This is a post in an ongoing series of posts about designing a language. It may stay theoretical, it may become a prototype in implementation or it might become a full language. You can get a list of all posts about Promise, via the Promise category link at the top.
A couple of weeks ago someone posted two links on twitter suggesting the trampolining superiority of Clojure to C#. (Can’t find that tweet anymore, and yes, that tweet was what finally motivated me to migrate my blog so i could post again.)
Well, the comparison wasn’t really apples to apples. The C# article “Jumping the trampoline in C# – Stack-friendly recursion” is trying to do a lot more than the Clojure article “Understanding the Clojure `trampoline’”. But maybe that’s the point as well: that with C# people end up building much more complex, verbose machinery when the simple style of Clojure is all that is needed. That determination wanders into the subjective, where language feuds are forged, and i’ll avoid that diversion this time around.
What struck me more was that you can do trampolining a lot more simply in C# if we mimic the Clojure example given. Let’s start by reproducing the stack overflow handicapped example first:
Func<int, int> funA, funB = null; funA = n => n == 0 ? 0 : funB(--n); funB = n => n == 0 ? 0 : funA(--n);
I’d dare say that the Lambda syntax is more compact than the Clojure example
Ok, ok, the body is artificially small, allowing me to replace it with a single expression, which isn’t a realistic scenario. Suffice it to say, you can get quite compact with expressions in C#.
Now, if we call funA(4), we’d get the same call sequence as in Clojure, i.e.
funA(4) -> funB(3) -> funA(2) -> funB(1) -> funA(0) -> 0
And if you, instead, call funA(100000), you’ll get a StackOverflowException.
So far so good, but here is where we diverge from Clojure. Clojure is dynamically typed, so it can return a number or an anonymous function that produces that number. We can’t do that (lest we return object, ick), but we can come pretty close.
The idea behind the Trampoline is that it unrolls the recursive calls into sequential calls, by having the functions involved return either a value or a continuation. The trampoline simply does a loop that keeps executing returned continuations until it gets a value, at which point it exits with that value.
What we need for C# then is a return value that can hold either a value or a continuation and with generics, we can create one class to cover this use case universally.

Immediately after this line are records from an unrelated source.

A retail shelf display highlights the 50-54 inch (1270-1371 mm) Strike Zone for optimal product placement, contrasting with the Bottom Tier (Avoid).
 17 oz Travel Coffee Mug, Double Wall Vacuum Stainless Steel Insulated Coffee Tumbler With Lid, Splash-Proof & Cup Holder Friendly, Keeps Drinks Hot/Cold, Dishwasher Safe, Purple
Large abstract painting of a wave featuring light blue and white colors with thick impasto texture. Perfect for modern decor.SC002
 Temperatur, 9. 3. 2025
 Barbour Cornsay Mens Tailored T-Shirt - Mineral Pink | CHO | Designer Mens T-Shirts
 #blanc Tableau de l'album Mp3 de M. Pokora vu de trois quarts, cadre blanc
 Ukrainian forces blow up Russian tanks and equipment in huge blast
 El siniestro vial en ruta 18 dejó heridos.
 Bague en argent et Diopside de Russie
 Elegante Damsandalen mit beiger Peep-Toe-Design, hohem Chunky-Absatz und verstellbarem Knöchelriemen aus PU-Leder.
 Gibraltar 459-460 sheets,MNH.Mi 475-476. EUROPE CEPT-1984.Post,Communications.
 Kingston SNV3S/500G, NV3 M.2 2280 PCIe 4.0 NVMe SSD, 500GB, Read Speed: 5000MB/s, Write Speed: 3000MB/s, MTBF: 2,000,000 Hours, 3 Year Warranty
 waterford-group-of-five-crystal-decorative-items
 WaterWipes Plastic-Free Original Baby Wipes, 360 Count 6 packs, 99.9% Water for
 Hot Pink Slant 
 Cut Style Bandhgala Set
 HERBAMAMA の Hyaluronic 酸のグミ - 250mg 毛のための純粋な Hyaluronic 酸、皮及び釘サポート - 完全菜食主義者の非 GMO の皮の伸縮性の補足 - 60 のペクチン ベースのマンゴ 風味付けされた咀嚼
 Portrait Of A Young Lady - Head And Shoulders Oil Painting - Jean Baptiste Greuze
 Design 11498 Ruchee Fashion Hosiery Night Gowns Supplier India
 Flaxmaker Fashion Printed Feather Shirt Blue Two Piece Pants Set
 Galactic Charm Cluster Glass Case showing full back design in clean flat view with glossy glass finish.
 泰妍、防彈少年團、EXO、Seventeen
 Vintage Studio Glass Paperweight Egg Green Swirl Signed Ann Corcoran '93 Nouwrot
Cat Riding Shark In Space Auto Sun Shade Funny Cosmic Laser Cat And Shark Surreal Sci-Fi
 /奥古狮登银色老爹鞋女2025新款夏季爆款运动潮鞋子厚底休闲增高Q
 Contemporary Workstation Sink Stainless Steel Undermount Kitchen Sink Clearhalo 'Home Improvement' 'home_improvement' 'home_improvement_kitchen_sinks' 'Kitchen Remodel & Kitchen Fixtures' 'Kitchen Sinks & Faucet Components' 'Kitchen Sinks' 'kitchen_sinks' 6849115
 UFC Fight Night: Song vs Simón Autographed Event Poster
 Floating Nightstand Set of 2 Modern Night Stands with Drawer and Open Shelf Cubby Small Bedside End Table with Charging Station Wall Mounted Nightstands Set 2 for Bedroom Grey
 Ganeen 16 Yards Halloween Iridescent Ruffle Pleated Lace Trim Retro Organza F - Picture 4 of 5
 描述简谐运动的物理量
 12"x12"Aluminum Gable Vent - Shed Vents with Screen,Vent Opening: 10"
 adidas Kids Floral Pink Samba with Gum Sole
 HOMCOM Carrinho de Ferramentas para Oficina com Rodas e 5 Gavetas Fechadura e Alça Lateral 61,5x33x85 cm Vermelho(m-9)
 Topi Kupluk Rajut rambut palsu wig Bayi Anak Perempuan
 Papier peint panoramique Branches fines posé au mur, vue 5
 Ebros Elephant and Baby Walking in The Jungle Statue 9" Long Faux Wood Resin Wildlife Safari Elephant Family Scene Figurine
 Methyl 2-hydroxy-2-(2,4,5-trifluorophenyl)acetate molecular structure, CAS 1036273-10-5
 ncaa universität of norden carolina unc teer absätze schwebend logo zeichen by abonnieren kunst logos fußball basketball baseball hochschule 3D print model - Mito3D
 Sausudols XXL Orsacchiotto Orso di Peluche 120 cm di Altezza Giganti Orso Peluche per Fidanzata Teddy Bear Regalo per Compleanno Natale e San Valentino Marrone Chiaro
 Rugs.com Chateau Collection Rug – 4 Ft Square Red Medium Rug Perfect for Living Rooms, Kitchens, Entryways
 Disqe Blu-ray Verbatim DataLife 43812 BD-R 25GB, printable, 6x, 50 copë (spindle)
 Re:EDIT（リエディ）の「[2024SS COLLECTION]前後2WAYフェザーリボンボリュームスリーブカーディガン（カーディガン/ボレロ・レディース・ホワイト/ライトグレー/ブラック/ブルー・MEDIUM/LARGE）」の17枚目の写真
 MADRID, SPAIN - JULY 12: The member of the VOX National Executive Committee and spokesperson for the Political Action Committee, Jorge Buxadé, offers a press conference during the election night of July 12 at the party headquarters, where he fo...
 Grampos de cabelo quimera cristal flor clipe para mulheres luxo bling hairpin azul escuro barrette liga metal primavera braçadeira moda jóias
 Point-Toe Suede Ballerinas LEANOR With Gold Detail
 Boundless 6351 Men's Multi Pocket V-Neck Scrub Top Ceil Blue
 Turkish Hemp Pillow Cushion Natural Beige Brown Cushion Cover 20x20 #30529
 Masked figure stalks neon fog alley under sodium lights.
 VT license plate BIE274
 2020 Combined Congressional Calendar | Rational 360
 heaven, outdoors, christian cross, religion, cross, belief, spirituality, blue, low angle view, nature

public class TrampolineValue<T> {
public readonly T Value;
public readonly Func<TrampolineValue<T>> Continuation;
public TrampolineValue(T v) { Value = v; }
public TrampolineValue(Func<TrampolineValue<T>> fn) { Continuation = fn; }
}
Basically it’s a container for either a value T or a func that produces a new value container. Now we can build our Trampoline:
public static class Trampoline {
public static T Invoke<T>(TrampolineValue<T> value) {
while(value.Continuation != null) {
value = value.Continuation();
}
return value.Value;
}
}
Let’s revisit our original example of two functions calling each other:
Func<int, TrampolineValue<int>> funA, funB = null; funA = (n) => n == 0 ? new TrampolineValue<int>(0) : new TrampolineValue<int>(() => funB(--n)); funB = (n) => n == 0 ? new TrampolineValue<int>(0) : new TrampolineValue<int>(() => funA(--n));
Instead of returning an int, we simply return a TrampolineResult<int> instead. Now we can invoke funA without worrying about stack overflows like this:
Trampoline.Invoke(funA(100000));
Voila, the stack problem is gone. It may require a bit more plumbing than a dynamic solution, but not a lot more than adding type declarations, which will always be the syntactic differences between statically and dynamically typed. But with lambdas and inference, it doesn’t have to be much more verbose.
Using Trampoline.Invoke with TrampolineValue<T> is a fairly faithful translation of the Clojure example, but it doesn’t feel natural for C# and actually introduces needless verbosity. It’s functional rather than object-oriented, which C# can handle but it’s not its best face.
What TrampolineValue<T> and its invocation really represent are a lazily evaluated value. We really don’t care about the intermediaries, nor the plumbing required to handle it.
What we want is for funA to return a value. Whether that is the final value or lazily executes into the final value on examination is secondary. Whether or not TrampolineValue<T> contains a value or a continuation shouldn’t be our concern, neither should passing it to the plumbing that knows what to do about it.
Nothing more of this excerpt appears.